6CO2 (g) + 6H2O (l) ---> C6H12O6 (s) + 6O2 (g)
∆H = 2820 kJ
For the above reaction tell how the amount of C6H12O6 (s) present at equilibrium would be affected by each of the following:
a) some CO2 (g) is added
b) the temperature is raised
c) the volume is decreased
d) some O2 (g) is removed
e) some of the C6H12O6 (s) is removed
f) a catalyst is added
g) some H2O is removed
The answers are supposed to be in the form of : shift left/right
I know the first answer is shift right
10 points to anyone who can answer these!!!!
2007-05-05 10:55:49 · 4 answers · asked by tralala 1 in Science & Mathematics ➔ Chemistry
1 right
2 right
3 left
4 left
5 right
6 left
2007-05-05 11:00:41 · answer #1 · answered by Zack C 3 · 0⤊ 0⤋
you need to use Le Chatelier's principle and actually learn how to do it yourself, b/c it will be on your test and people just giving you the answers won't help.
if you add reactant it will shirt to the left
if you add product it will shift to the right
if you remove reactant it will shift to the right
if you remove product it will shift to the left
if you increase the pressure it will shift to the side with fewer moles of gas
increase temp it will shift to make the rxn endothermic
decrease temp it will shift to make the rxn exothermic
catalyst have no effect on equilibrium it just speeds up the process
2007-05-05 18:22:33 · answer #2 · answered by rinkie dink 2 · 1⤊ 0⤋
Well, I am a chemist.
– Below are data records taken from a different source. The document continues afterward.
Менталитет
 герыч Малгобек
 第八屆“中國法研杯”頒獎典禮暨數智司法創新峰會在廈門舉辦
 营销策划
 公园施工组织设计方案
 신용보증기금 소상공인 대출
Here are your answeres that you want.
a) more products
b) faster reaction
c) more products
d) more products
e) less products
f) faster reaction
g) less products
2007-05-05 19:29:30 · answer #3 · answered by boychuka 3 · 0⤊ 0⤋
a) more products
b) faster reaction
c) more products
d) more products
e) less products
f) faster reaction
g) less products
2007-05-05 18:03:02 · answer #4 · answered by physandchemteach 7 · 0⤊ 0⤋